*** Opening of DATA PROVIDED ***

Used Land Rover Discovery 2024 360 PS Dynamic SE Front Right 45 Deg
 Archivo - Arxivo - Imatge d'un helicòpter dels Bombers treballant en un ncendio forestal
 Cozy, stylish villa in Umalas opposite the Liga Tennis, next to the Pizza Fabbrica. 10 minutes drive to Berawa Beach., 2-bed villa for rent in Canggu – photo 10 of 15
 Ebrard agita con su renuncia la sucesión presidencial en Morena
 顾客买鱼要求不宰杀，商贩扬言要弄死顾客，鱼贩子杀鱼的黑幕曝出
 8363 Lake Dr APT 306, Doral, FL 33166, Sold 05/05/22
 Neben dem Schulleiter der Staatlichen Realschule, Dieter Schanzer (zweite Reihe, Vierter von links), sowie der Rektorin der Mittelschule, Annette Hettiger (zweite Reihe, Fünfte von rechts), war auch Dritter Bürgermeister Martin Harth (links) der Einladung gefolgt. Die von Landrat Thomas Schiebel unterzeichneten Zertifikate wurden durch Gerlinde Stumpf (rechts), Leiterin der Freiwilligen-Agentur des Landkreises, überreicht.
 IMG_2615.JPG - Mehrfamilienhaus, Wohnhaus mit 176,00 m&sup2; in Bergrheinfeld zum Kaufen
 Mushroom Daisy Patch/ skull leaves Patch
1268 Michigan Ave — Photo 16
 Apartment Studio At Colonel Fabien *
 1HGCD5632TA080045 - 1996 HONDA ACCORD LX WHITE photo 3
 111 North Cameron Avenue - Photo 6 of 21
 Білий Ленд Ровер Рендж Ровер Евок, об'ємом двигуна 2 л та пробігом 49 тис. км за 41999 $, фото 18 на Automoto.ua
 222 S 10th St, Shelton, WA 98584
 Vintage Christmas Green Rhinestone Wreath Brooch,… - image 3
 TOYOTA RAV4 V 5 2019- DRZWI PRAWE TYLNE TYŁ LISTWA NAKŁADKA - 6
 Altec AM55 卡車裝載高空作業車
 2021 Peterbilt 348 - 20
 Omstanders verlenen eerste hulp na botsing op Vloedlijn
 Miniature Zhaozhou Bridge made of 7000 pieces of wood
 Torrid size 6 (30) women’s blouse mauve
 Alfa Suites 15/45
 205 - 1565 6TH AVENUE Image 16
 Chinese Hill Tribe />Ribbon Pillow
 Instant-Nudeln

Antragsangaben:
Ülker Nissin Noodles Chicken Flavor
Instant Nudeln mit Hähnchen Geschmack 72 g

*** Close of DATA PROVIDED ***

TASK GOAL.
The lines from the one containing "Neben dem Schulleiter" through the final line of the entries above are to be printed exactly, with nothing added.

SOLUTION FOR THIS PROBLEM.
 Neben dem Schulleiter der Staatlichen Realschule, Dieter Schanzer (zweite Reihe, Vierter von links), sowie der Rektorin der Mittelschule, Annette Hettiger (zweite Reihe, Fünfte von rechts), war auch Dritter Bürgermeister Martin Harth (links) der Einladung gefolgt. Die von Landrat Thomas Schiebel unterzeichneten Zertifikate wurden durch Gerlinde Stumpf (rechts), Leiterin der Freiwilligen-Agentur des Landkreises, überreicht.
 IMG_2615.JPG - Mehrfamilienhaus, Wohnhaus mit 176,00 m&sup2; in Bergrheinfeld zum Kaufen
 Mushroom Daisy Patch/ skull leaves Patch
1268 Michigan Ave — Photo 16
 Apartment Studio At Colonel Fabien *
 1HGCD5632TA080045 - 1996 HONDA ACCORD LX WHITE photo 3
 111 North Cameron Avenue - Photo 6 of 21
 Білий Ленд Ровер Рендж Ровер Евок, об'ємом двигуна 2 л та пробігом 49 тис. км за 41999 $, фото 18 на Automoto.ua
 222 S 10th St, Shelton, WA 98584
 Vintage Christmas Green Rhinestone Wreath Brooch,… - image 3
 TOYOTA RAV4 V 5 2019- DRZWI PRAWE TYLNE TYŁ LISTWA NAKŁADKA - 6
 Altec AM55 卡車裝載高空作業車
 2021 Peterbilt 348 - 20
 Omstanders verlenen eerste hulp na botsing op Vloedlijn
 Miniature Zhaozhou Bridge made of 7000 pieces of wood
 Torrid size 6 (30) women’s blouse mauve
 Alfa Suites 15/45
 205 - 1565 6TH AVENUE Image 16
 Chinese Hill Tribe />Ribbon Pillow
 Instant-Nudeln

Antragsangaben:
Ülker Nissin Noodles Chicken Flavor
Instant Nudeln mit Hähnchen Geschmack 72 g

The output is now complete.